• _Exercise brief_:
Using the entries below, output each line exactly from the first through the one that contains "Bonhomme en pain".
[[ Task data, beginning ]]
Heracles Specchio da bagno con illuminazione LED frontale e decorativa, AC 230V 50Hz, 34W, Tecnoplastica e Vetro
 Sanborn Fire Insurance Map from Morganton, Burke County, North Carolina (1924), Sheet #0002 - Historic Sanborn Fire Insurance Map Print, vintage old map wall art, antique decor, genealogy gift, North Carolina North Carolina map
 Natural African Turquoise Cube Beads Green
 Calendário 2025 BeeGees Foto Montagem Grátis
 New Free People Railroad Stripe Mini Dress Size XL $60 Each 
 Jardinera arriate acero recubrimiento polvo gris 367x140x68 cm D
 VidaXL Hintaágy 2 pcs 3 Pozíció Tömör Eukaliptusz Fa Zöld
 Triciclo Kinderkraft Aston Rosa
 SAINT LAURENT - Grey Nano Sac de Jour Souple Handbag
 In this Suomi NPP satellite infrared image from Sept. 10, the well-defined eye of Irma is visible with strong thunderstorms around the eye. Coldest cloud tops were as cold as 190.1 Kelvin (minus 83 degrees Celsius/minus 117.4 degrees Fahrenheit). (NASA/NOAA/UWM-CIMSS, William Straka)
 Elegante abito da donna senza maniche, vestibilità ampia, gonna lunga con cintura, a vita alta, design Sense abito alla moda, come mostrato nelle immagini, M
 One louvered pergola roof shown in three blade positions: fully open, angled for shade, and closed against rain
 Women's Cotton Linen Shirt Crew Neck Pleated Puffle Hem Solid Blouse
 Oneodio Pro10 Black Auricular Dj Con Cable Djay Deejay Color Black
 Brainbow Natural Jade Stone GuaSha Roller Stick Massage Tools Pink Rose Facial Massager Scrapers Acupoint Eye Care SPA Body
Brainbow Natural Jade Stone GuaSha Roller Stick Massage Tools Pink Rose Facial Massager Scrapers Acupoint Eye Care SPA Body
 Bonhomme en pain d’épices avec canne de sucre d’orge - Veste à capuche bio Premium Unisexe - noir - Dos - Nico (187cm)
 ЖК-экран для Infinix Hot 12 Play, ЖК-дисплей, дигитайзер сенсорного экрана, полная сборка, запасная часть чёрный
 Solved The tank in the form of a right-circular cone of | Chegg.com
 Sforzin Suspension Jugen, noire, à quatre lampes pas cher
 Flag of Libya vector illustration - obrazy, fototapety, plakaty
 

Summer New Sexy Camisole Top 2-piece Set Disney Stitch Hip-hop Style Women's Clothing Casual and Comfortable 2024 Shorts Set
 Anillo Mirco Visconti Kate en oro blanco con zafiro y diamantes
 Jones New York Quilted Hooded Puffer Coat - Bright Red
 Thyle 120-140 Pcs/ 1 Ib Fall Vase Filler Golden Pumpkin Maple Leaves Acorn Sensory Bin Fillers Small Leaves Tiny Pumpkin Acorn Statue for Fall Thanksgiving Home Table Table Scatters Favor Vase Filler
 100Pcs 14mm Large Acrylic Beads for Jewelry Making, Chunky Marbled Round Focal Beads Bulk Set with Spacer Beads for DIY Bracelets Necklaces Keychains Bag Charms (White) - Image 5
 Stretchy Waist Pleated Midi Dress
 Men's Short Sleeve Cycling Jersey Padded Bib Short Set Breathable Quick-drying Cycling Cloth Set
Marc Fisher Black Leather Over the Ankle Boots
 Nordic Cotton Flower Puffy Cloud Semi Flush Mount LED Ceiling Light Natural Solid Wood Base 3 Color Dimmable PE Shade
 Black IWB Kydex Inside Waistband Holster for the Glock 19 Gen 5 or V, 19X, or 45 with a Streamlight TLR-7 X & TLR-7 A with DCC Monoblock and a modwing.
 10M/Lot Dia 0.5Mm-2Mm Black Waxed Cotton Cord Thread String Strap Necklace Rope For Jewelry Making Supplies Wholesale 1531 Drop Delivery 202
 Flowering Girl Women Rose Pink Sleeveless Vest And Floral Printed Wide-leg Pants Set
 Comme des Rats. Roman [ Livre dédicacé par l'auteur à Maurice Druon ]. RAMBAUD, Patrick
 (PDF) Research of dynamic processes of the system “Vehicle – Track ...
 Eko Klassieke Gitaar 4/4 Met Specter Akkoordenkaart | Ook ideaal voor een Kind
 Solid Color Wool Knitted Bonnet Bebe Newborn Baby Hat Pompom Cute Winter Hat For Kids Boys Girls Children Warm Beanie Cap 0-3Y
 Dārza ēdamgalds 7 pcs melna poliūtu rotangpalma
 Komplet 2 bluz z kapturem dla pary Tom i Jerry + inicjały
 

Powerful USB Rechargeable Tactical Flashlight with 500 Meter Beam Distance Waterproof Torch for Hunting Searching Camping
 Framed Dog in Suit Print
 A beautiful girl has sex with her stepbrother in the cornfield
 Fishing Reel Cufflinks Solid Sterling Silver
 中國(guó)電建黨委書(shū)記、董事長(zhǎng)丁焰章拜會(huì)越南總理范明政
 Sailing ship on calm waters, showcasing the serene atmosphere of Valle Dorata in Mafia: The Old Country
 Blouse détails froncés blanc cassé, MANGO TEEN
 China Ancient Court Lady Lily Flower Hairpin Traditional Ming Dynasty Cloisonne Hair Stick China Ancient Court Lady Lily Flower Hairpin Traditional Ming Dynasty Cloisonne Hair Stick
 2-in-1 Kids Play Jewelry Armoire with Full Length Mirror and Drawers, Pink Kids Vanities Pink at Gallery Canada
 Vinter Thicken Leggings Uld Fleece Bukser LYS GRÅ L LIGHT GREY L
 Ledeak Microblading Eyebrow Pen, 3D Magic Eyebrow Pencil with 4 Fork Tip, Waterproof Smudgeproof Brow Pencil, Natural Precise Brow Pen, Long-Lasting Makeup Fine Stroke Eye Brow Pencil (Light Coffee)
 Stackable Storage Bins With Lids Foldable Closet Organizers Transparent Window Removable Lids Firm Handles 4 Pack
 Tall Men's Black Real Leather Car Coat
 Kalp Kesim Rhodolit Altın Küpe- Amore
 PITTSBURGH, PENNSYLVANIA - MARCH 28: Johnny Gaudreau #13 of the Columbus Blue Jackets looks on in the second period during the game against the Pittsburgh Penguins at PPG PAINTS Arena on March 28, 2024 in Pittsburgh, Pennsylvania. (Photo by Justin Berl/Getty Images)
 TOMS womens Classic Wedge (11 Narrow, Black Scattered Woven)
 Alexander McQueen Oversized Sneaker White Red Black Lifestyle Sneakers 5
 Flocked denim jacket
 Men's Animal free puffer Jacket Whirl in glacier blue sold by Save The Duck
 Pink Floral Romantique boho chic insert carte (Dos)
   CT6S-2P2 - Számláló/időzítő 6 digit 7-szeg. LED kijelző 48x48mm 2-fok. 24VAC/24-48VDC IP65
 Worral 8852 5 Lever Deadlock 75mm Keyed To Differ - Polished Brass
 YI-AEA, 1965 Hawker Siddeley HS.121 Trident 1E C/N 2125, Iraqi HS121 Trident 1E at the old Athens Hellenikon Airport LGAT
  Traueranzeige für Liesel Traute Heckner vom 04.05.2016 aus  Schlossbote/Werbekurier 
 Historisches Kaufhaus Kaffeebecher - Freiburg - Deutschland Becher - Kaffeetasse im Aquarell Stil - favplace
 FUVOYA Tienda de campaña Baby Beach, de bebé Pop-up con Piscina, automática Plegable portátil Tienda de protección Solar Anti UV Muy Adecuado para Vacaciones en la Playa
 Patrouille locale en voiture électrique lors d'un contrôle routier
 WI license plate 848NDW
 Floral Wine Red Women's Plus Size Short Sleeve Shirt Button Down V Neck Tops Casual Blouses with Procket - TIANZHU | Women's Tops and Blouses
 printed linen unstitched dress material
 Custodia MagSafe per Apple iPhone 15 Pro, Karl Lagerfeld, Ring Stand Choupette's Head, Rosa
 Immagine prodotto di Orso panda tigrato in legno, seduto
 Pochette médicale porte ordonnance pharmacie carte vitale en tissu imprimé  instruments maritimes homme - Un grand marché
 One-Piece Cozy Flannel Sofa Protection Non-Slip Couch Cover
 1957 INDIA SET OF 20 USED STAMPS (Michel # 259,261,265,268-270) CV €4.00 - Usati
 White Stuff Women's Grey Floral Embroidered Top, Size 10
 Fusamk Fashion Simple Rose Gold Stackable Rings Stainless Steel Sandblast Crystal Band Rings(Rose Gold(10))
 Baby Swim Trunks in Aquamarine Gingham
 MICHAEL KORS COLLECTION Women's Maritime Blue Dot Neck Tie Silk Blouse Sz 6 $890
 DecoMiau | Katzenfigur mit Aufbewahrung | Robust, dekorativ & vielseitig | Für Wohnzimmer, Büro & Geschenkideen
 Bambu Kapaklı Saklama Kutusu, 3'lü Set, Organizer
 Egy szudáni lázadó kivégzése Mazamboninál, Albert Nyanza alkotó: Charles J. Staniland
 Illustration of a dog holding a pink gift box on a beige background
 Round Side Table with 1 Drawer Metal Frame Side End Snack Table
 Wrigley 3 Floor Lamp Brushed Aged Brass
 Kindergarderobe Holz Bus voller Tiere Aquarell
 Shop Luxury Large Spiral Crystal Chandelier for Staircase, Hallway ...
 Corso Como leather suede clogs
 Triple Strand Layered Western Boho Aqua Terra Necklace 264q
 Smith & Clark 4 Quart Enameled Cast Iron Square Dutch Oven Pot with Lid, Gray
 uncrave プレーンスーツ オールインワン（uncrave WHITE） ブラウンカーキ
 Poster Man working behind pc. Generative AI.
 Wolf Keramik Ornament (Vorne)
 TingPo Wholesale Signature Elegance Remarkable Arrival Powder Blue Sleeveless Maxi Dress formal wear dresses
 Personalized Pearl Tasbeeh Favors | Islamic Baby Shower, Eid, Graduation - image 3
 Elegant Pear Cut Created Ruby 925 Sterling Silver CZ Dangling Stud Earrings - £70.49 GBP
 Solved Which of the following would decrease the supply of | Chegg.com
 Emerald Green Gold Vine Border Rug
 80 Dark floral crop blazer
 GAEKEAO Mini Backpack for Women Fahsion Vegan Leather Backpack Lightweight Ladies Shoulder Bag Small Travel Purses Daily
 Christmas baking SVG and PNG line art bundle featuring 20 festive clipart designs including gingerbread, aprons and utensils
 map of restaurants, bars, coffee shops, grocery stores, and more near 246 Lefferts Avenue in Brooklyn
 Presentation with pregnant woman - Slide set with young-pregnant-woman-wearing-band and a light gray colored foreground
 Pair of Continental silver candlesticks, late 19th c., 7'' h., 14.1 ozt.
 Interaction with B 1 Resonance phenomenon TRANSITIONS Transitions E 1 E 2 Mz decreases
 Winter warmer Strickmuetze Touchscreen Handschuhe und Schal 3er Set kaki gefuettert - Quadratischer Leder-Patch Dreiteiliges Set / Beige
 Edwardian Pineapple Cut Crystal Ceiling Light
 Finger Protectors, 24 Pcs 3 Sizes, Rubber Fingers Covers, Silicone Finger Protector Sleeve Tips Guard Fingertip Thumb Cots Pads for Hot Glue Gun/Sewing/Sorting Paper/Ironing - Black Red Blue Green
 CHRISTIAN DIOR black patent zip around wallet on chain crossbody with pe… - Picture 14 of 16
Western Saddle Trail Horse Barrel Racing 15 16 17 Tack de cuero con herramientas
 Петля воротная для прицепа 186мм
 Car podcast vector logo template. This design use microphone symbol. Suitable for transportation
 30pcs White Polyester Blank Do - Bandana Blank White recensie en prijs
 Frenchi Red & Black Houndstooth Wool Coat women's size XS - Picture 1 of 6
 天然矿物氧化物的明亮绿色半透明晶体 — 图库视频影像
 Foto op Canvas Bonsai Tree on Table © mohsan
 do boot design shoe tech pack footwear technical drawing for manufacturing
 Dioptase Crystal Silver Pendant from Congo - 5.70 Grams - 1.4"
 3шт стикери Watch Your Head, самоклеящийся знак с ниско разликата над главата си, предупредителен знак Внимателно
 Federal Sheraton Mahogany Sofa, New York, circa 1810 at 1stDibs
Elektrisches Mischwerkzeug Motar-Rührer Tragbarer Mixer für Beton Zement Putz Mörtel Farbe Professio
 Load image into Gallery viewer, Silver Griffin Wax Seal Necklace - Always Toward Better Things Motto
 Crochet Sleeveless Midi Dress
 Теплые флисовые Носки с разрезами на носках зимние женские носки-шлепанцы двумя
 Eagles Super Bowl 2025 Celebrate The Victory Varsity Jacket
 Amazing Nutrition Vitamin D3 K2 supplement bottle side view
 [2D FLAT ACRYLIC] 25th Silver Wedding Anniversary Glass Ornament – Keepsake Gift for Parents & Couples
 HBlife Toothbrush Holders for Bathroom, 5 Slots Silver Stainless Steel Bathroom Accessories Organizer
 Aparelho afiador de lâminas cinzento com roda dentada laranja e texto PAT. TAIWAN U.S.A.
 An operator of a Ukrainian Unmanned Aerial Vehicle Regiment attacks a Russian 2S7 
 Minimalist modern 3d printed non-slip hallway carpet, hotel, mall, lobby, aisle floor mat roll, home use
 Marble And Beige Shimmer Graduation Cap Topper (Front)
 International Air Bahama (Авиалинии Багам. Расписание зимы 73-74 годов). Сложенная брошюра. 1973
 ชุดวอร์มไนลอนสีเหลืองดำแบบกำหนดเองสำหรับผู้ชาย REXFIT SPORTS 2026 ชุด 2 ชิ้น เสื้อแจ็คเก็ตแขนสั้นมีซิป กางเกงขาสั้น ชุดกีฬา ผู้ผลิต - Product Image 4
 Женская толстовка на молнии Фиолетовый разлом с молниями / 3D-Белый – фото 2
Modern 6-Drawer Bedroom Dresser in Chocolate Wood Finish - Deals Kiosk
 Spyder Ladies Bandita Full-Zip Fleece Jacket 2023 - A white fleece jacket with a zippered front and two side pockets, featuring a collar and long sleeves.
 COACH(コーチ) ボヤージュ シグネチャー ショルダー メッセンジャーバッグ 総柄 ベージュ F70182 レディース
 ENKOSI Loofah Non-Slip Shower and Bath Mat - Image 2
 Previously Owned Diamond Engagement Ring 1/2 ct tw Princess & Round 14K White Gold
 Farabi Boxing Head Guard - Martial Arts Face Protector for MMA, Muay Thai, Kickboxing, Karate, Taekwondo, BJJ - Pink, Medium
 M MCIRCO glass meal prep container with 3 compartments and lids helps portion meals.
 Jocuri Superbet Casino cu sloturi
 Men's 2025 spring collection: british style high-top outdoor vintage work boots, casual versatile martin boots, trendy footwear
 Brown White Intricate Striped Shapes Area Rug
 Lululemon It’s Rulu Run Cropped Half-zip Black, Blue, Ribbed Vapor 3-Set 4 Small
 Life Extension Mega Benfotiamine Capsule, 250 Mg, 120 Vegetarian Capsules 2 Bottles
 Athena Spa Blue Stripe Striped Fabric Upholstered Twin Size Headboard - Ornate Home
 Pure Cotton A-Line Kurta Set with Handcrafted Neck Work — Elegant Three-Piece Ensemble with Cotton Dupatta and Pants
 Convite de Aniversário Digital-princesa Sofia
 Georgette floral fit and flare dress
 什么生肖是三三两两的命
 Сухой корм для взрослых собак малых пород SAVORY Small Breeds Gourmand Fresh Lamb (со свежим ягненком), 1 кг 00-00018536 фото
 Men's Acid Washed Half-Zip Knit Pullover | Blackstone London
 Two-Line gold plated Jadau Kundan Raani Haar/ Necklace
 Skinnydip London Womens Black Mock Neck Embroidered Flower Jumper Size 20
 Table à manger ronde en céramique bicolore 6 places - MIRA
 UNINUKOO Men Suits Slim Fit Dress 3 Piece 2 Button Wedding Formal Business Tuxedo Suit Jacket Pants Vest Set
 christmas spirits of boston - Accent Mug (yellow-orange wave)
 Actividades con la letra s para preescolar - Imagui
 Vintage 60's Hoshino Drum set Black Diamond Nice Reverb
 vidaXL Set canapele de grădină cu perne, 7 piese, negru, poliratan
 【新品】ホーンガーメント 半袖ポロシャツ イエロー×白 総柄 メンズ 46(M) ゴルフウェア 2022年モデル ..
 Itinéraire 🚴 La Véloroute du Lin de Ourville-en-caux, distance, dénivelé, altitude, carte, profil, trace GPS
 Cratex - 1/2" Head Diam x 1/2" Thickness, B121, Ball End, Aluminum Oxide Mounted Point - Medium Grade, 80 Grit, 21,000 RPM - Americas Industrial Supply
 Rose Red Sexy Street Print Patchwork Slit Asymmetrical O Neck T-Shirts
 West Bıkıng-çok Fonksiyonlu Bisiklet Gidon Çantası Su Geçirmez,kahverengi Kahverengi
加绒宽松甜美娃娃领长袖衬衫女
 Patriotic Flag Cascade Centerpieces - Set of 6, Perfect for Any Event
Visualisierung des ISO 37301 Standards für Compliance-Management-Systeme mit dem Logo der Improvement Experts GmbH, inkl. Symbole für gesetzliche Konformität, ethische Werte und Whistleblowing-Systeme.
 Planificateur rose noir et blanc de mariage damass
[[ Task data, end ]]
• _Task solution_:
Heracles Specchio da bagno con illuminazione LED frontale e decorativa, AC 230V 50Hz, 34W, Tecnoplastica e Vetro
 Sanborn Fire Insurance Map from Morganton, Burke County, North Carolina (1924), Sheet #0002 - Historic Sanborn Fire Insurance Map Print, vintage old map wall art, antique decor, genealogy gift, North Carolina North Carolina map
 Natural African Turquoise Cube Beads Green
 Calendário 2025 BeeGees Foto Montagem Grátis
 New Free People Railroad Stripe Mini Dress Size XL $60 Each 
 Jardinera arriate acero recubrimiento polvo gris 367x140x68 cm D
 VidaXL Hintaágy 2 pcs 3 Pozíció Tömör Eukaliptusz Fa Zöld
 Triciclo Kinderkraft Aston Rosa
 SAINT LAURENT - Grey Nano Sac de Jour Souple Handbag
 In this Suomi NPP satellite infrared image from Sept. 10, the well-defined eye of Irma is visible with strong thunderstorms around the eye. Coldest cloud tops were as cold as 190.1 Kelvin (minus 83 degrees Celsius/minus 117.4 degrees Fahrenheit). (NASA/NOAA/UWM-CIMSS, William Straka)
 Elegante abito da donna senza maniche, vestibilità ampia, gonna lunga con cintura, a vita alta, design Sense abito alla moda, come mostrato nelle immagini, M
 One louvered pergola roof shown in three blade positions: fully open, angled for shade, and closed against rain
 Women's Cotton Linen Shirt Crew Neck Pleated Puffle Hem Solid Blouse
 Oneodio Pro10 Black Auricular Dj Con Cable Djay Deejay Color Black
 Brainbow Natural Jade Stone GuaSha Roller Stick Massage Tools Pink Rose Facial Massager Scrapers Acupoint Eye Care SPA Body
Brainbow Natural Jade Stone GuaSha Roller Stick Massage Tools Pink Rose Facial Massager Scrapers Acupoint Eye Care SPA Body
 Bonhomme en pain d’épices avec canne de sucre d’orge - Veste à capuche bio Premium Unisexe - noir - Dos - Nico (187cm)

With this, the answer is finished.